Acropora derawaensis
- Conservation status: Endangered (IUCN 3.1)

Scientific classification
- Kingdom: Animalia
- Phylum: Cnidaria
- Subphylum: Anthozoa
- Class: Hexacorallia
- Order: Scleractinia
- Family: Acroporidae
- Genus: Acropora
- Species: A. derawaensis
- Binomial name: Acropora derawaensis Wallace, 1997

= Acropora derawaensis =

- Genus: Acropora
- Species: derawaensis
- Authority: Wallace, 1997
- Conservation status: EN

Species of coral

Acropora derawanensis is a species of acroporid coral found in the eastern Indian Ocean and the west central Pacific Ocean. It is particularly susceptible to coral bleaching, disease, and crown-of-thorns starfish predation.

==Description==
Acropora derawanensis can grow to a metre or so in diameter. It forms upright (or occasionally prostrate) bush-like colonies of tangled slender branches. The axial corallites are elongated and tubular, while the radial corallites are smaller, also tubular or pocket-shaped, and have angular edges. This coral is usually reddish-brown, with contrasting white or blueish axial corallites.

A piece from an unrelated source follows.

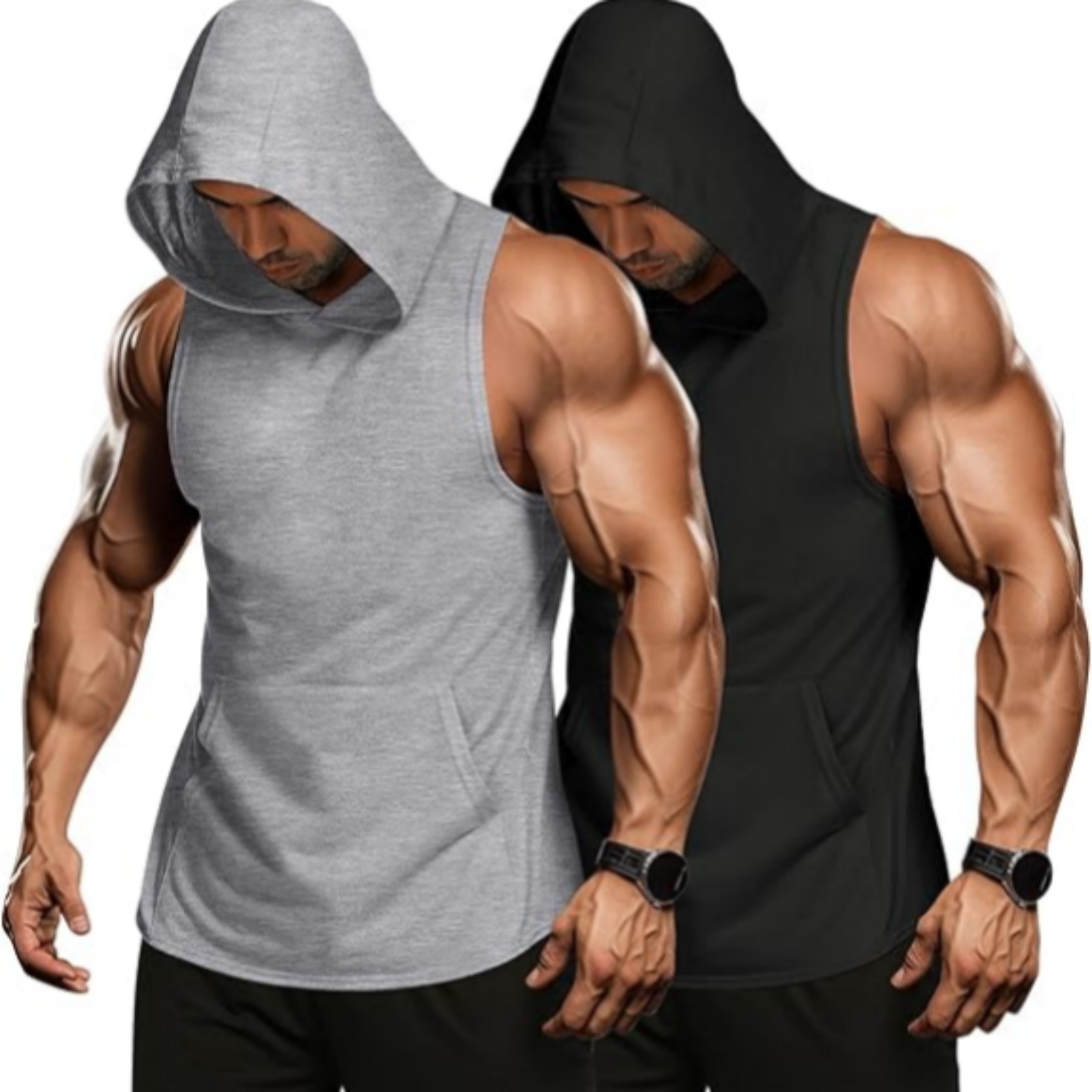 Workout Hoodie Muscle Fitting Sleeveless Shirt 1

==Distribution and habitat==
Acropora derawanensis is native to the eastern Indian Ocean and the western central Pacific Ocean, its range extending from Malaysia and Indonesia to the Philippines, northern Australia and Papua New Guinea. It inhabits various reef habitats but is most common on sheltered reef slopes at depths of between 10 and 25 m.

==Status==
The reefs on which Acropora derawanensis lives are under threat from global warming, increased ocean acidification and reef destruction. It is a generally uncommon species of coral and is particularly susceptible to bleaching and coral diseases. The International Union for Conservation of Nature has assessed its conservation status as being an endangered species.